- WHAT IS BEING ASKED
Skip the images and return the records below exactly.

Short web captions
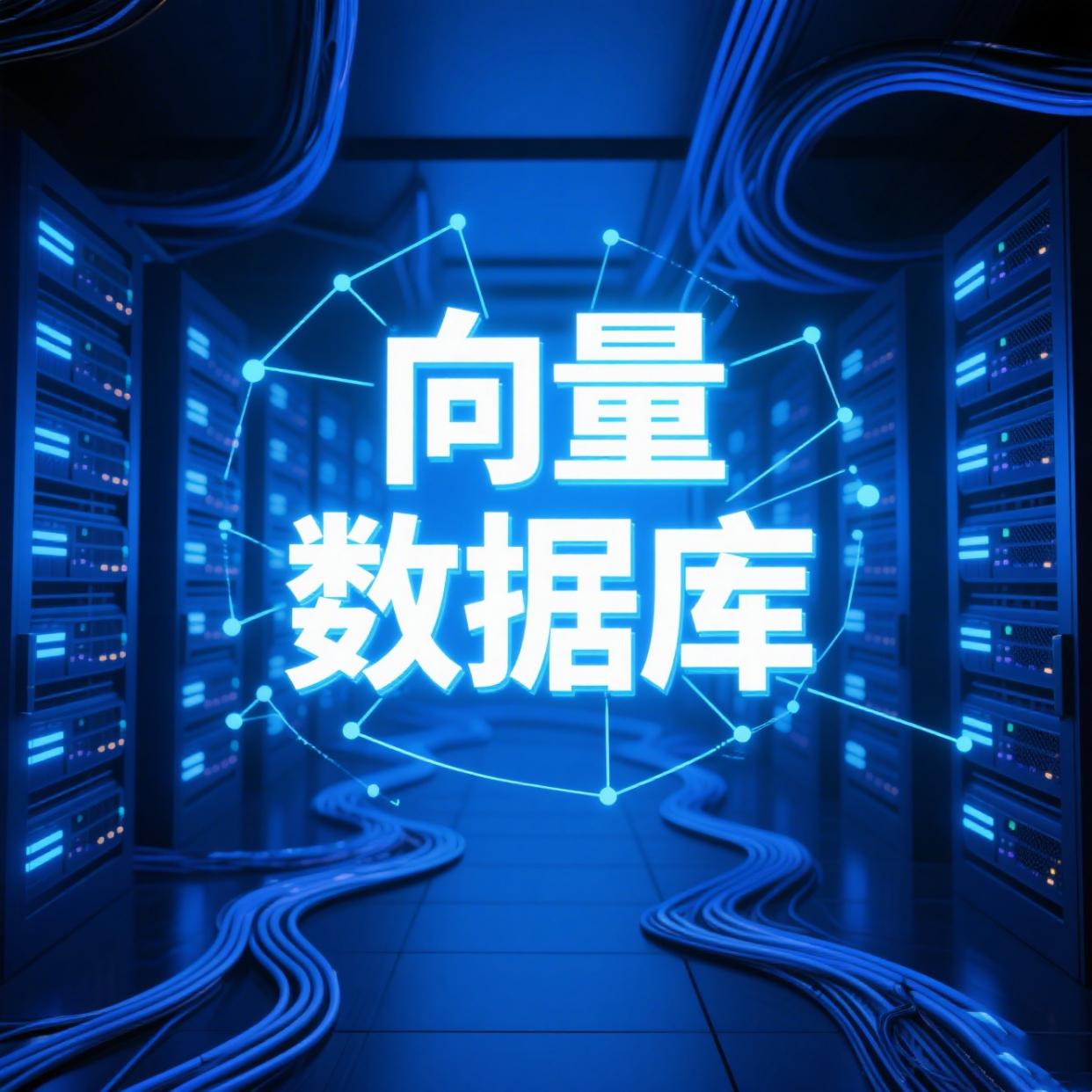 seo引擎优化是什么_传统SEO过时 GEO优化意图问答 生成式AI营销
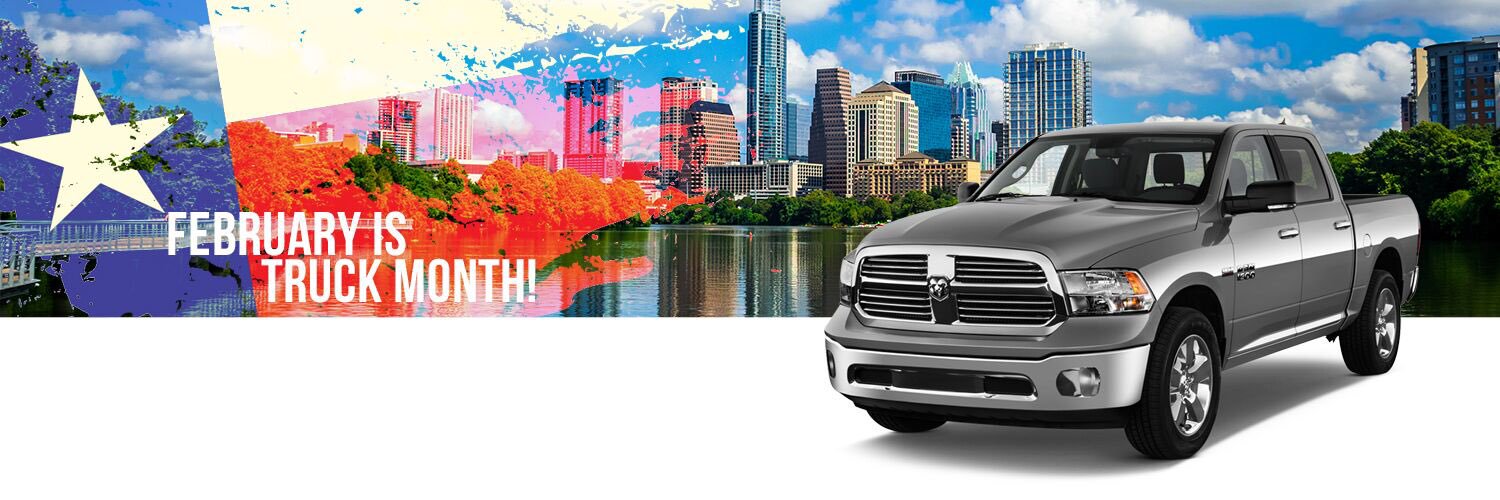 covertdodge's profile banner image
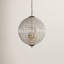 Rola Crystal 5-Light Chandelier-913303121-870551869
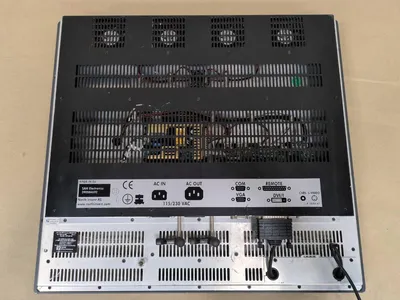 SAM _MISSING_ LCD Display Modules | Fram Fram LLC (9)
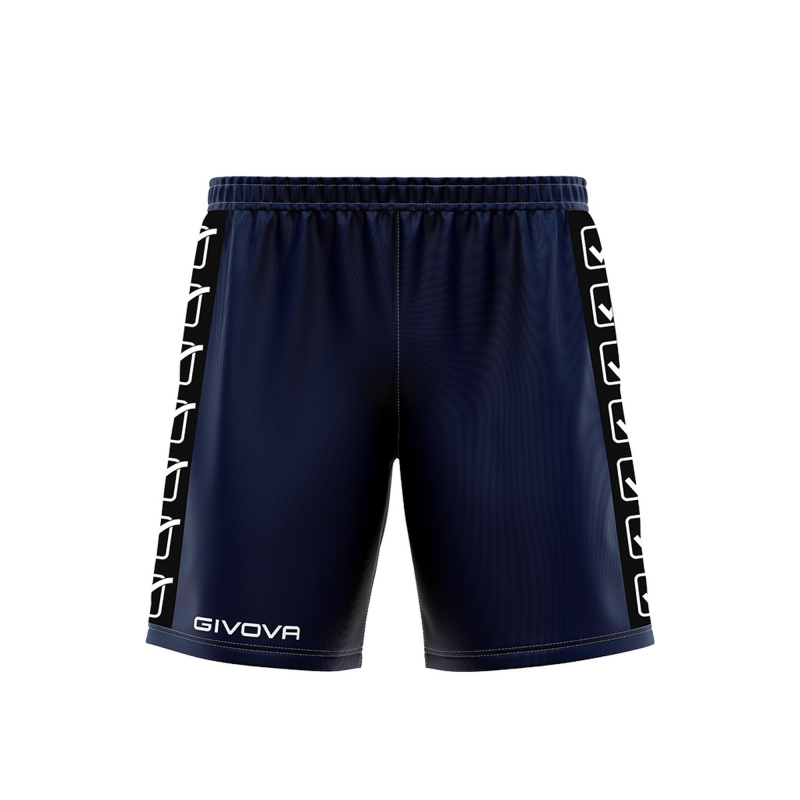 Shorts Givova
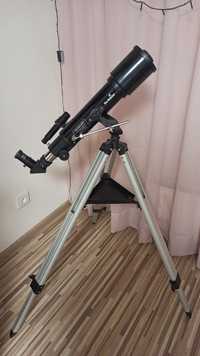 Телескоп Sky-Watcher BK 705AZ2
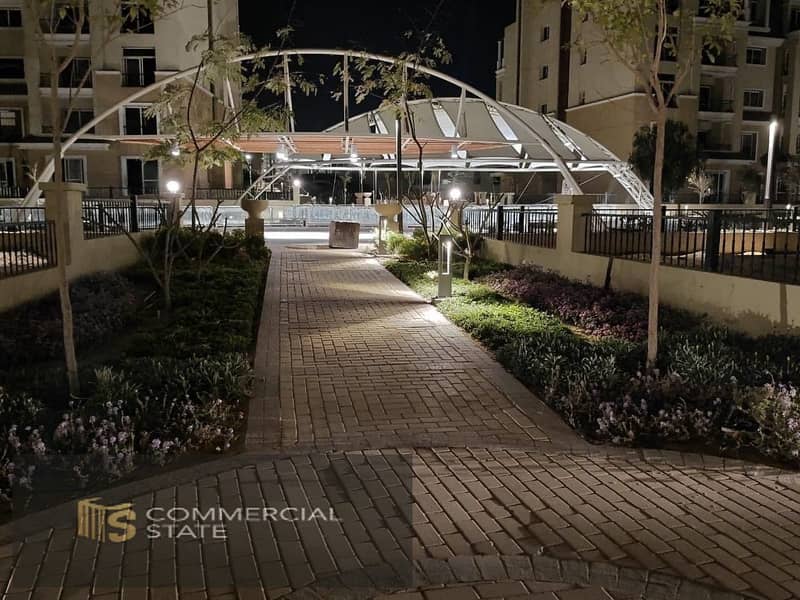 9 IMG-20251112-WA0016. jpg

- REPLY
 seo引擎优化是什么_传统SEO过时 GEO优化意图问答 生成式AI营销
 covertdodge's profile banner image
 Rola Crystal 5-Light Chandelier-913303121-870551869
 SAM _MISSING_ LCD Display Modules | Fram Fram LLC (9)
 Shorts Givova
 Телескоп Sky-Watcher BK 705AZ2
 9 IMG-20251112-WA0016. jpg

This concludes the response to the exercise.